苛立ったように机を指が叩き、ウィスキーを煽るが、満足に酔う事はできない。
ウィスキーの苦みと酒の強さが、今では不快に感じる。
さっさと上手い酒を飲みたいものだ。
写真を裏返しにして、ヘルダーは大きく息を吐く。
と、司令官室の扉が激しく叩かれた。
「なんだ」
こちらの声と同時に、兵士の一人が姿を見せる。
走ってきたのであろう、随分と息を切らせている。
その焦った様子に、ヘルダーは浮かびかかった笑みを必死で消した。
「何があった?」
「は、それが」
「どうした、はっきりといえ」
出来るだけ声を平たんにして、ヘルダーは答える。
さっさと金髪の小僧が死んだと報告しろ。
そう思いながら、睨みつけるように兵を見れば、兵士は息を整えた。
「はっ。敵の襲撃です!」
「な、何だと!」
ヘルダーは眉をあげて、呆然と兵士の声に答えた。
「何と言った」
「は。反乱軍の兵士が、こちらに奇襲をかけてきました。現在迎撃部隊が対応中ですが、敵の数も多く……」
「ぬう。

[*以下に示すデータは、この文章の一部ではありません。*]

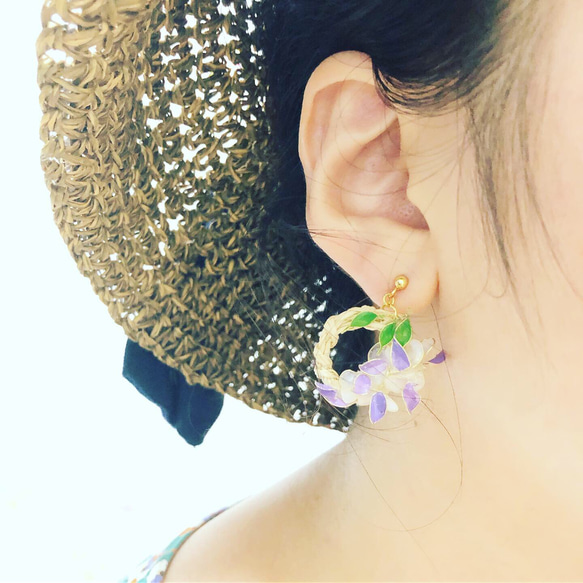 紫藤迷你花冠耳環或耳環 第6張的照片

わかった、指揮を執る。すぐにマーテル中佐を呼べ」
「はっ!」
兵士が再び走りだして、ヘルダーは苛立ったように机を叩いた。
まったく反乱軍も邪魔をしてくれる。
どうせならば金髪の小僧がいるタイミングで攻めてくれればいいものを。
そうすれば流れ弾にあたったとして、上手く殺すこともできたのに。
舌打ちを隠さず、ヘルダーは司令官室に備え付けられているモニターを付けた。
そこには群がる反乱軍の装甲車両を必死で迎撃する帝国軍の姿があった。